◆ Task material
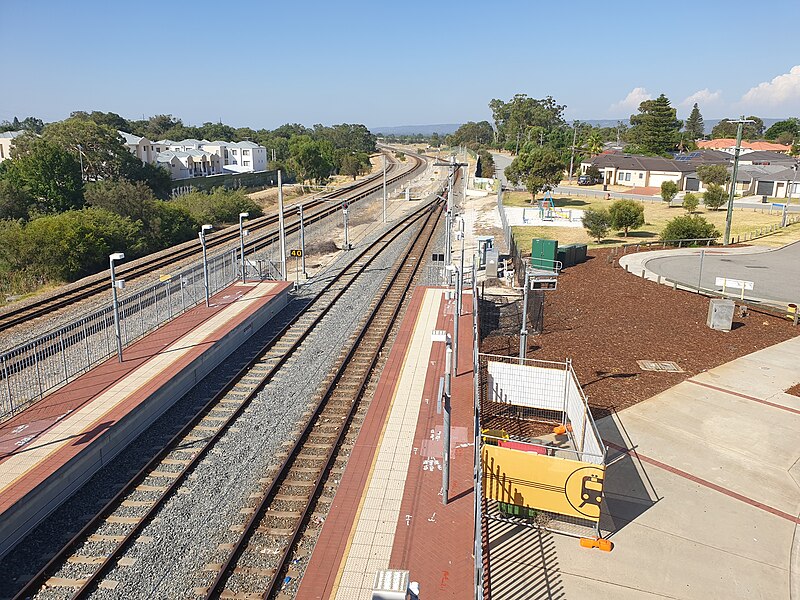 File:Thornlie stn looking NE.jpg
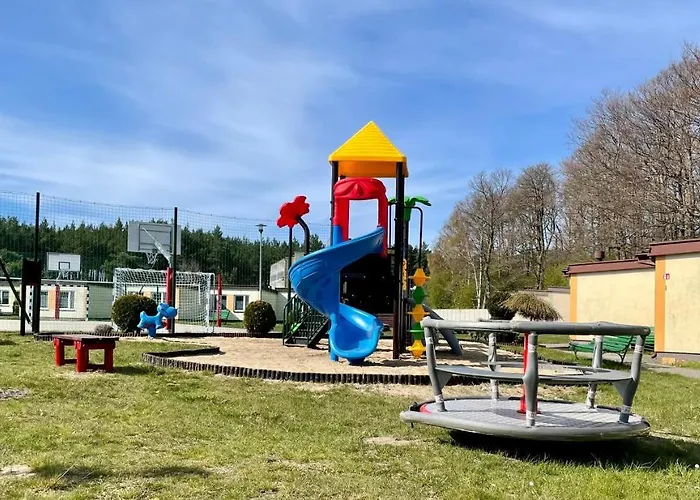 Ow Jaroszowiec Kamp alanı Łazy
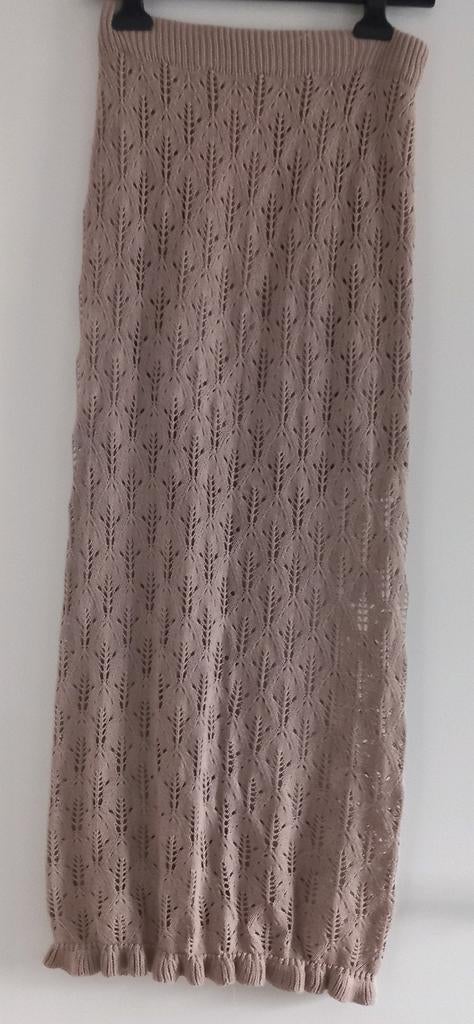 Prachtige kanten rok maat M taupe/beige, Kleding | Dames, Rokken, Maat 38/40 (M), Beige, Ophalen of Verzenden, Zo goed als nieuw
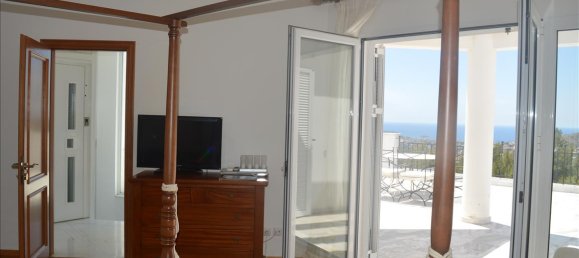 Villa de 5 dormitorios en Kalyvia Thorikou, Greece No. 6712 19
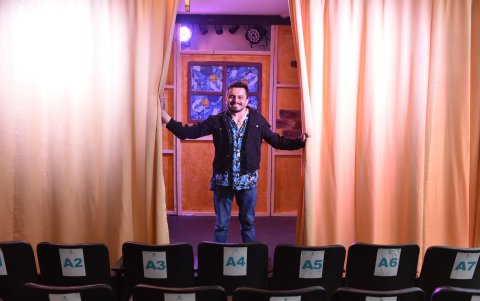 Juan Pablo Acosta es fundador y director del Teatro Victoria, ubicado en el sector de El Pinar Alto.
==
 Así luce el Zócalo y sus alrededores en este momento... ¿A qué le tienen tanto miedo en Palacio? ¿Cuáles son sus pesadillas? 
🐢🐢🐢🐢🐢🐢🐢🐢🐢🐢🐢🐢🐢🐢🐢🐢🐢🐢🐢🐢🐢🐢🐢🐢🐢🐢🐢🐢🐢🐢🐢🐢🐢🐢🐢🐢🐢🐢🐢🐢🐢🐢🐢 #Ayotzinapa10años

◆ Exercise requirements
When copying from the data above, begin at the line containing "File:Thornlie stn looking NE.jpg" and end at the line containing "Juan Pablo Acosta"; return those lines exactly and leave all pictures behind.

◆ Reply
 File:Thornlie stn looking NE.jpg
 Ow Jaroszowiec Kamp alanı Łazy
 Prachtige kanten rok maat M taupe/beige, Kleding | Dames, Rokken, Maat 38/40 (M), Beige, Ophalen of Verzenden, Zo goed als nieuw
 Villa de 5 dormitorios en Kalyvia Thorikou, Greece No. 6712 19
 Juan Pablo Acosta es fundador y director del Teatro Victoria, ubicado en el sector de El Pinar Alto.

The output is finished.